This is a link to info provided by DanDanTheTaxiMan, one of the accused in SC's sweep of the Phoenix area. Please note that this post was "off-topic" in the thread where is first appeared and most likely will be moved.
http://karaoke-forum.com/viewtopic.php?p=264242&no=1#264242
EDITED at 7:30 pm due to confusion with what the link said and my thoughts below: READ THE LINK TO UNDERSTAND WHAT FOLLOWS
I offer the following "food for thought" regarding that link! Assuming it is an exact copy of what SC provides their targets this is my opinion.
After SEEING that document, even though I have a 1:1 library, I would not submit to the audit as defined in SC's letter. It is too wide in scope and latitude, and I am particularly concerned with:
a. SC states they are after Trademark infringement but they would have to identify every specific track that was NOT purchased and HAS BEEN used at a paid show! Their audit cannot identify what tracks have been used for commercial purposes!
b. In my case, the audit would find tracks I DON'T use in my business but collected as a "hobbyist" before I went into business!

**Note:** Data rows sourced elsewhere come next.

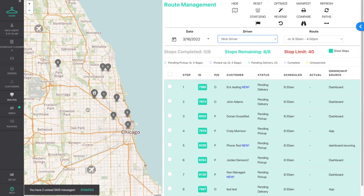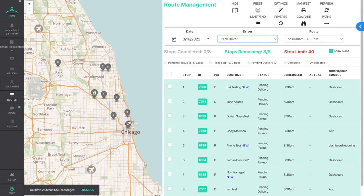Startup's route optimization uses Google traffic data to find the fastest route for your driver. The optimization starts at your store, moves through each of your pickups and deliveries, and then returns to the store for processing.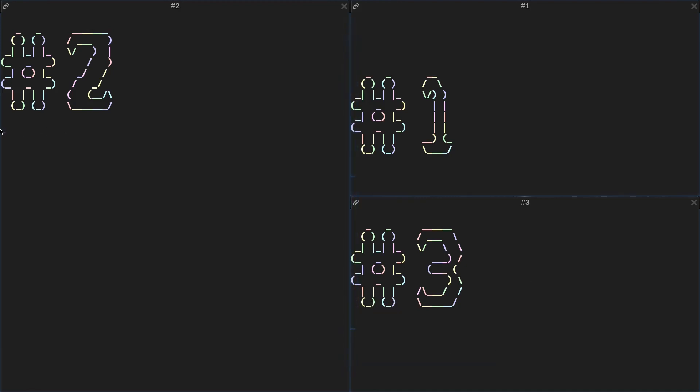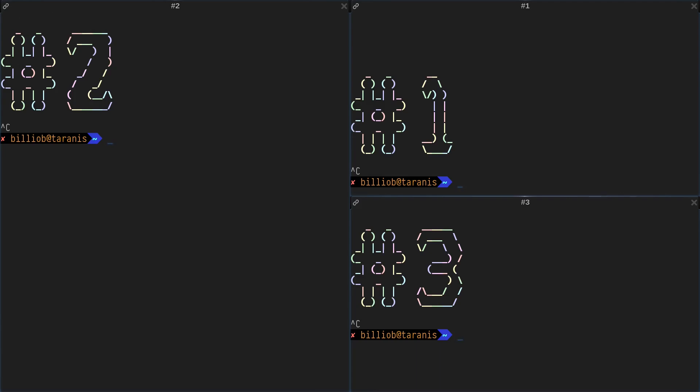Every terminal is active. Grouped Input can be seen with that icon. In this mode, your input is broadcast to all terminals.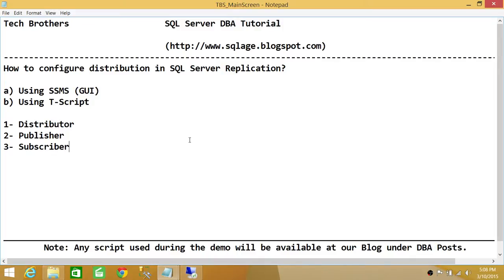The subscriber is what receives the data from the publisher. In your organization, there would be many servers where you want to replicate data from source to destination. Destination becomes the subscriber and source becomes the publisher. The distributor is the one that takes care of moving the data from publisher to subscriber. You need to have one distributor. When you configure distribution in SQL Server, it creates a database called the distribution database, and you can name that database anything you want, but I would leave it the default name, distribution.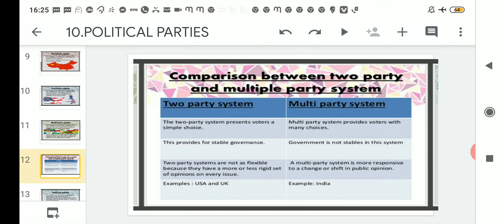Under the two-party system, it provides for stable governance. The government that is chosen is believed to be a stable, constant government that will not be dissolved before its tenure. Elections are held at regular intervals — maybe every five or six years — and that government is expected to last for the full five or six years.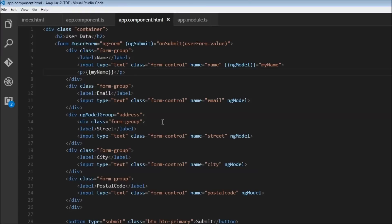To summarize how you create a template-driven form: create an HTML form, use the ngForm directive and assign it a reference variable, use ngSubmit to capture all values using userForm.value, and each form control needs a name attribute and ngModel directive to appear with the ngForm directive. It is also possible to achieve one-way and two-way data binding with template-driven forms. In the next video, let's see how to perform some basic validation for this template-driven form.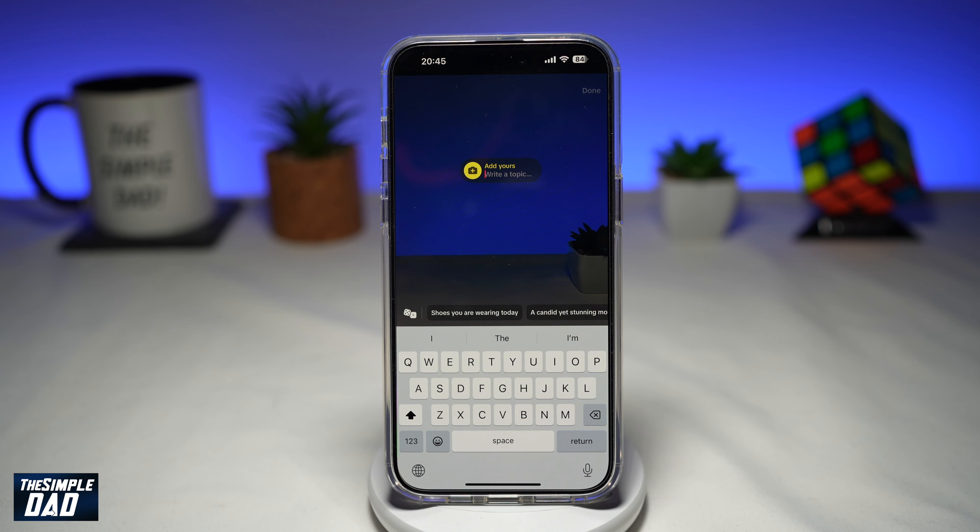So let me show you how to find this. First, you want to go ahead and open up your TikTok app. Next, you want to tap on the plus sign.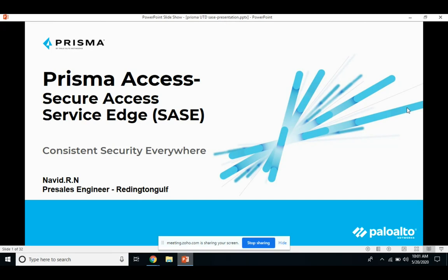Hello everyone. My name is Naveed. I'm the Presales Engineer for Enterprise Security at Reddington Gulf. Today we'll be talking about Palo Alto Prisma Access. I've been working on Palo Alto Networks for the last couple of years. In today's session, we'll be looking into its SASE technology, which is Prisma Access — starting with an overview, then going for a deep dive, and finally the use cases where it can help customers.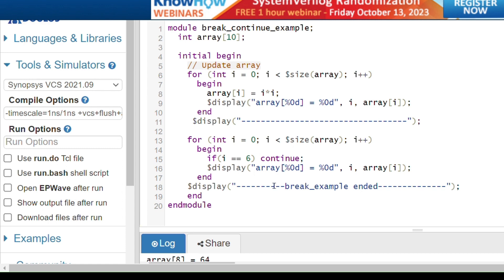I hope you understand the difference between break and continue. Try these keywords with other loops such as while loop, do-while loop, and for-each loop. Thank you.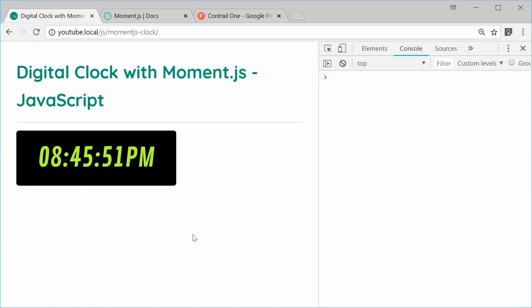And that's how you can use Moment.js to create your own digital clock inside JavaScript. Thank you for watching and I'll see you later.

c. SC indicated that they required a CDG for each file in the library along with proof of purchase. I assume proof of purchase is required for SC to be assured that you didn't borrow the disc for the audit. But what if you bought it at a flee market for next to nothing with no receipt? A customer of mine has done just that, several times and I have purchased discs from KJ's who have left the business!
d. SC did not make an exception to the requirement that you have CDG even for files PURCHASED via downloaded.
e. If you have tracks on more than one machine, you must have a CDG for each copy of each track. So while someone running a CDG based show can have multiple backup copies of their CDG's, PC based operations cannot have a single backup HD!
So, for those who previously stated that all a legit operator had to lose by submitting to the audit is TIME, I even disagree now more fervently than before! A legit operator like myself finds, not unexpectedly, justification not to agree to SC audit, those items listed above are some of the main LEGITIMATE reasons why I would not submit to their audit.
In short: SC sets the rules! I don't understand fully what their rules SIGNIFY in terms of future actions SC might bring or cause to be brought against me? I don't accept that their audit or any audit of my computer can show that I have violated a trademark right? I can have 100,000 SC tracks on a HD, but if i never show them in public, I haven't violated any Trademark right!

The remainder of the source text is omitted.